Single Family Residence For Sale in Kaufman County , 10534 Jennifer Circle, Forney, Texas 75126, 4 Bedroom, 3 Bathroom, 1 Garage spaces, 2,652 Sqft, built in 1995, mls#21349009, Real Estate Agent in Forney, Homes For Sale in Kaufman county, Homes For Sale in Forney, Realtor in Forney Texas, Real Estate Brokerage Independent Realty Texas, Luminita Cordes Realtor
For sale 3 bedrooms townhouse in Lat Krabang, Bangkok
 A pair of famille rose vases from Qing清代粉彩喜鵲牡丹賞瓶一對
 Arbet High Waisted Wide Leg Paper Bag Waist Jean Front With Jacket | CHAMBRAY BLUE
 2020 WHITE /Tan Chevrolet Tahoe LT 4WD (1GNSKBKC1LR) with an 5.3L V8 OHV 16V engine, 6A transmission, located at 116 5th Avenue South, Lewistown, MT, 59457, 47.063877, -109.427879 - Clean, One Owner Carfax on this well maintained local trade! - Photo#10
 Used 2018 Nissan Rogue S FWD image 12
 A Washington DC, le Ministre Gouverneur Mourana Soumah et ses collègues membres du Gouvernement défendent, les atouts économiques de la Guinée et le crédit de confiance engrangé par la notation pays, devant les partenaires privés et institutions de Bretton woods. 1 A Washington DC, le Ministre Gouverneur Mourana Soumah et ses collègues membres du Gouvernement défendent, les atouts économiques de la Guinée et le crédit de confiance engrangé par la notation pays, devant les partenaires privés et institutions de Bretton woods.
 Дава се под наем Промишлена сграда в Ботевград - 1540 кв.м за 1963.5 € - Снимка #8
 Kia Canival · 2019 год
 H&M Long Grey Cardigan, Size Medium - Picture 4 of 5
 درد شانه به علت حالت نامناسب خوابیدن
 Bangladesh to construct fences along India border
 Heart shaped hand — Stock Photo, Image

How to complete this task>
Return each entry from above without altering a single character.

Solution>
Single Family Residence For Sale in Kaufman County , 10534 Jennifer Circle, Forney, Texas 75126, 4 Bedroom, 3 Bathroom, 1 Garage spaces, 2,652 Sqft, built in 1995, mls#21349009, Real Estate Agent in Forney, Homes For Sale in Kaufman county, Homes For Sale in Forney, Realtor in Forney Texas, Real Estate Brokerage Independent Realty Texas, Luminita Cordes Realtor
For sale 3 bedrooms townhouse in Lat Krabang, Bangkok
 A pair of famille rose vases from Qing清代粉彩喜鵲牡丹賞瓶一對
 Arbet High Waisted Wide Leg Paper Bag Waist Jean Front With Jacket | CHAMBRAY BLUE
 2020 WHITE /Tan Chevrolet Tahoe LT 4WD (1GNSKBKC1LR) with an 5.3L V8 OHV 16V engine, 6A transmission, located at 116 5th Avenue South, Lewistown, MT, 59457, 47.063877, -109.427879 - Clean, One Owner Carfax on this well maintained local trade! - Photo#10
 Used 2018 Nissan Rogue S FWD image 12
 A Washington DC, le Ministre Gouverneur Mourana Soumah et ses collègues membres du Gouvernement défendent, les atouts économiques de la Guinée et le crédit de confiance engrangé par la notation pays, devant les partenaires privés et institutions de Bretton woods. 1 A Washington DC, le Ministre Gouverneur Mourana Soumah et ses collègues membres du Gouvernement défendent, les atouts économiques de la Guinée et le crédit de confiance engrangé par la notation pays, devant les partenaires privés et institutions de Bretton woods.
 Дава се под наем Промишлена сграда в Ботевград - 1540 кв.м за 1963.5 € - Снимка #8
 Kia Canival · 2019 год
 H&M Long Grey Cardigan, Size Medium - Picture 4 of 5
 درد شانه به علت حالت نامناسب خوابیدن
 Bangladesh to construct fences along India border
 Heart shaped hand — Stock Photo, Image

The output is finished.